Europe is a “few years” away from overcoming its current energy deficit triggered by the loss of Russian gas supply, according to Alfred Stern, chief executive of Austrian energy group OMV.
The continent is in the middle of its worst energy crisis after Russia, the region’s biggest natural gas supplier, curtailed exports sharply in response to EU sanctions over its military offensive in Ukraine.
However, the crisis has been a few years in the making.

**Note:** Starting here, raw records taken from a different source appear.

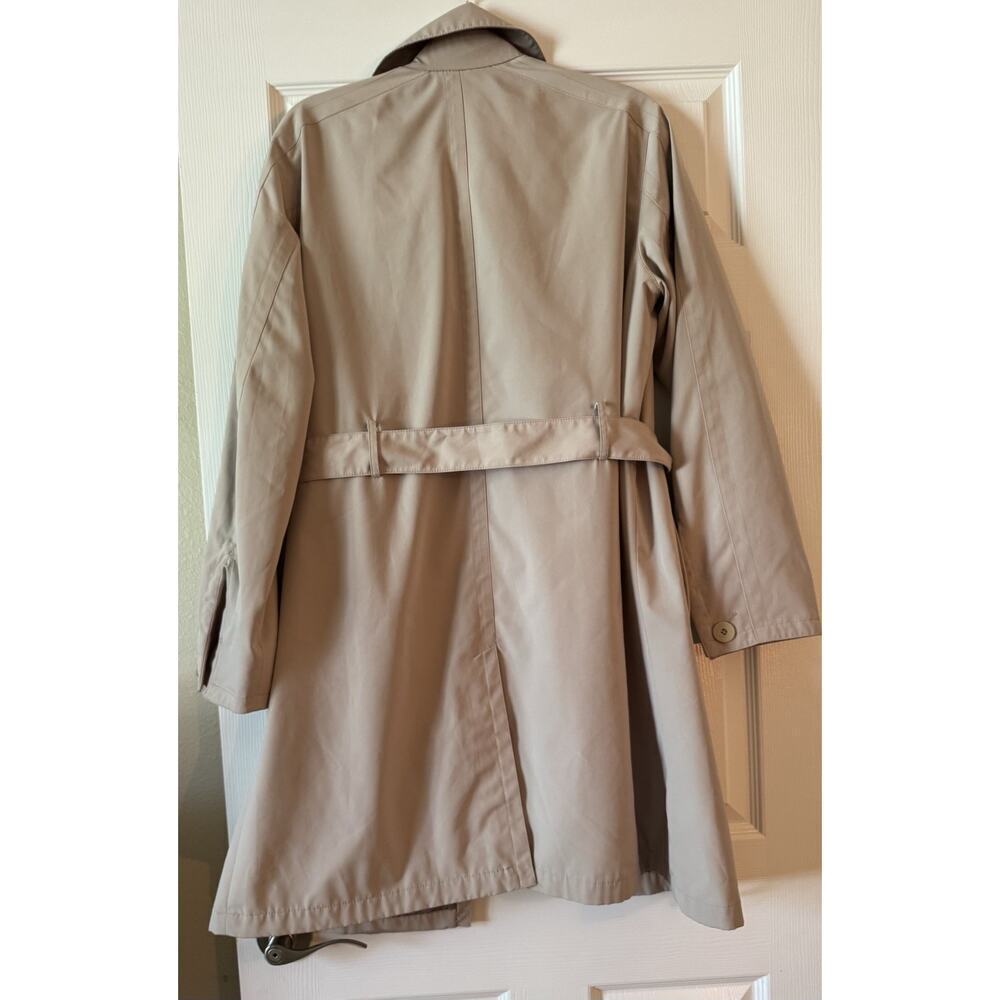 Liz Claiborne Women’s Trench Coat Size L Tan - Picture 7 of 10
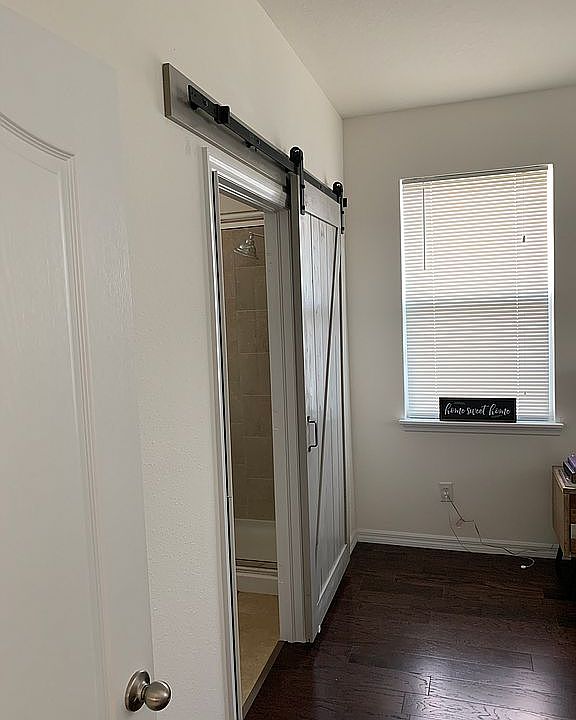  Master Room with Barn Door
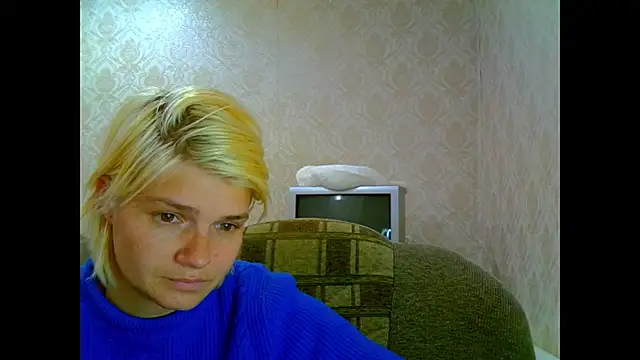 Snapshot of SaraSnow_ chatting on 11.20.25 SaraSnow online show from 11.20.25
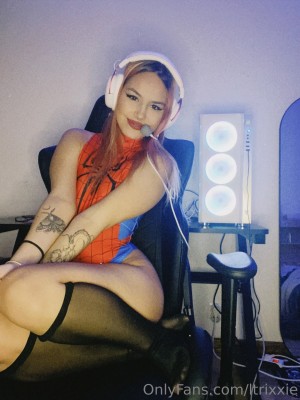ltrixxie Photo #9
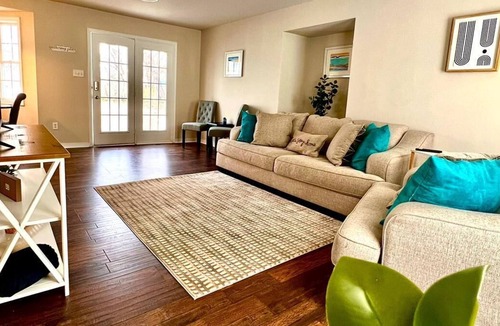 Mosby House | Spacious Mechanicsville Home
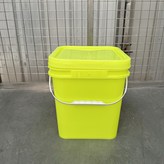 12陞淺黃方桶塑料提手 × 1個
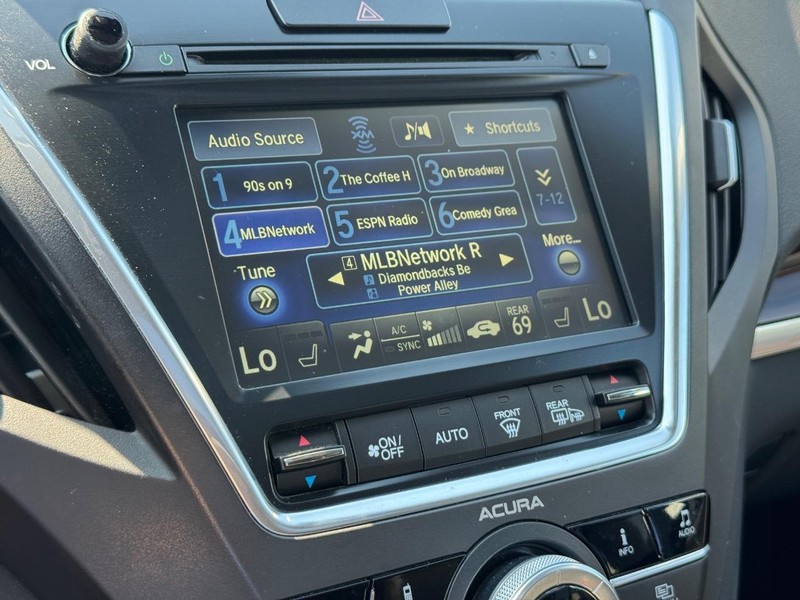 Acura MDX Vehicle Full-screen Gallery Image 23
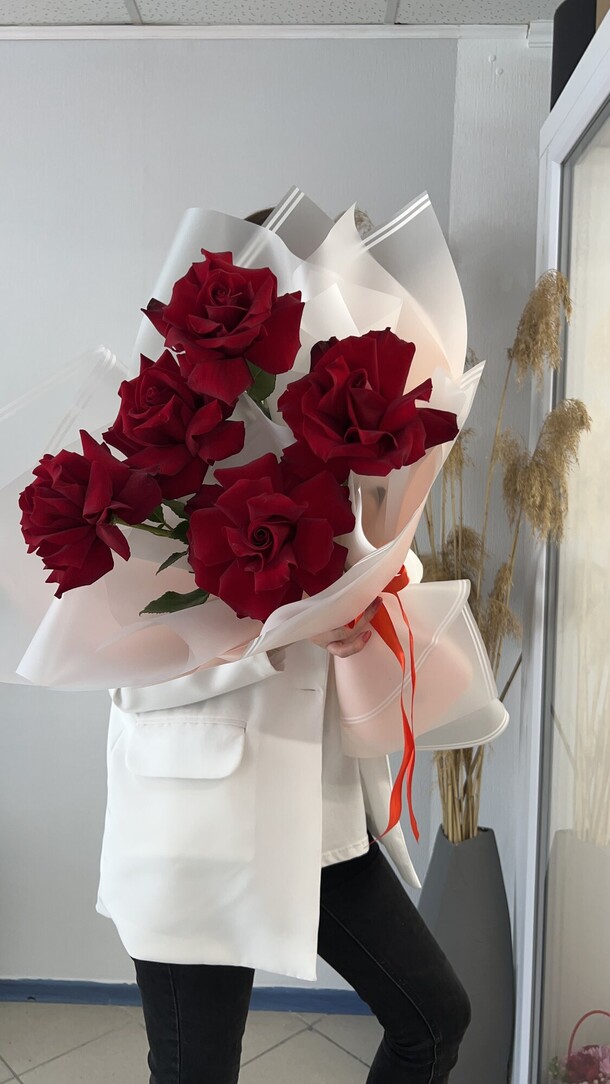 Клубника со сливками, артикул F1199734 - 2940 рублей, доставка по городу. Flawery - доставка цветов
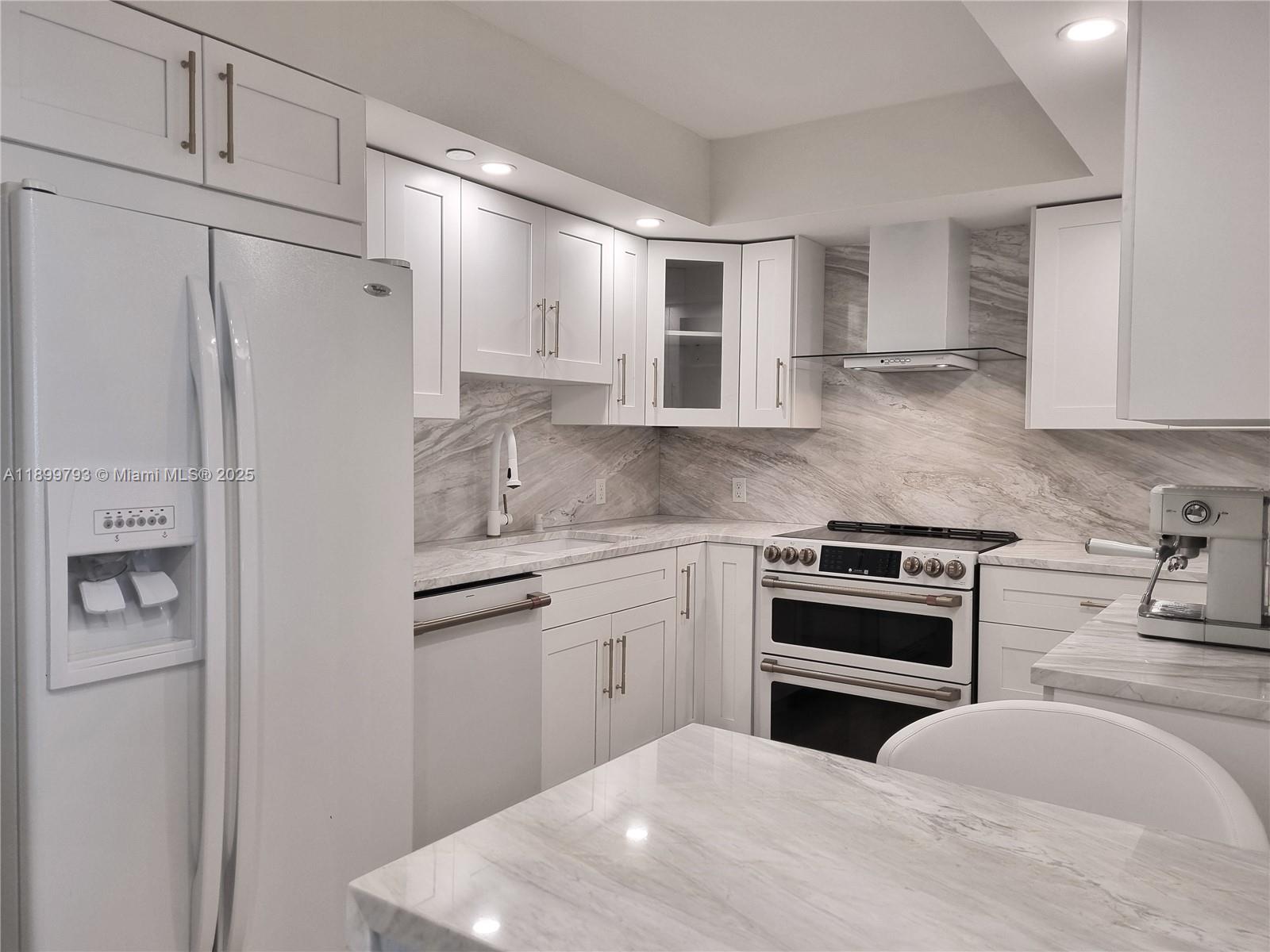 SEA RANCH CLUB OF BOCA II - Residential Lease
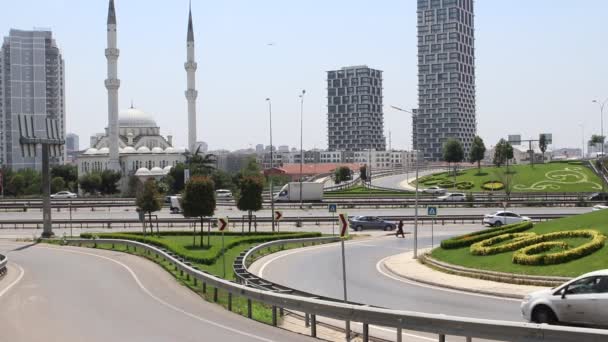 Trafic urbain sur l'autoroute moderne de la ville — Video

Spending on new oil and gas projects has nearly dried up amid pressure from investors, who have adopted more pro-renewable energy strategies in recent years.
This issue is “bigger than Europe” and is a result of underinvestment in the energy sector, as well as from “thinking that we could magically move to renewable energy overnight”, Mr Stern told The National at the Adipec energy summit in Abu Dhabi.
“Fixing this up will require significant investments, and typically, our industry is one that has very long investment cycles,” he said.
Upstream oil and gas investment needs to increase and be sustained near the pre-coronavirus levels of $525 billion through to 2030 to ensure market balance, according to the International Energy Forum.
Upstream investment in 2021 was depressed for a second consecutive year at $341bn — about 25 per cent below 2019 levels.
To replace Russian gas in the short-term, some European countries have brought coal-fired power plants back into operation and this has triggered concerns about their ability to meet climate commitments.
“Too much coal power is coming back on stream, but the carbon-dioxide footprint is much better with natural gas … we should make sure that we bring this back on track because, otherwise, we are going to go backwards on climate change,” said Mr Stern.
Europe boosted its liquefied natural gas (LNG) imports from the US and Gulf countries before the start of the peak winter season.
Austria’s gas storage sites are completely full and now the EU country is looking to secure supplies for 2023.
Last week, OMV signed a preliminary agreement with Adnoc with the aim of purchasing an LNG cargo for next year’s winter.
“Even if the Russian supplies should stop, we can supply 100 per cent of our customers in Austria with non-Russian gas … we are already looking to next winter and that is why it was important to sign this [deal],” said Mr Stern.
OMV, which has a long-term LNG contract with Qatar, is “also looking at the US and other sources of supply”, said Mr Stern.
The US, which exported 11.1 billion cubic feet per day of LNG in the first half of 2022, has more LNG export capacity than any other country, according to the US Energy Information Administration.
The current strains on gas supply have led to energy shortages in several parts of the developing world that rely on imported gas, notably Pakistan and Bangladesh.
Meanwhile, major growth markets for gas, such as India and China, have sharply reduced their LNG imports in 2022.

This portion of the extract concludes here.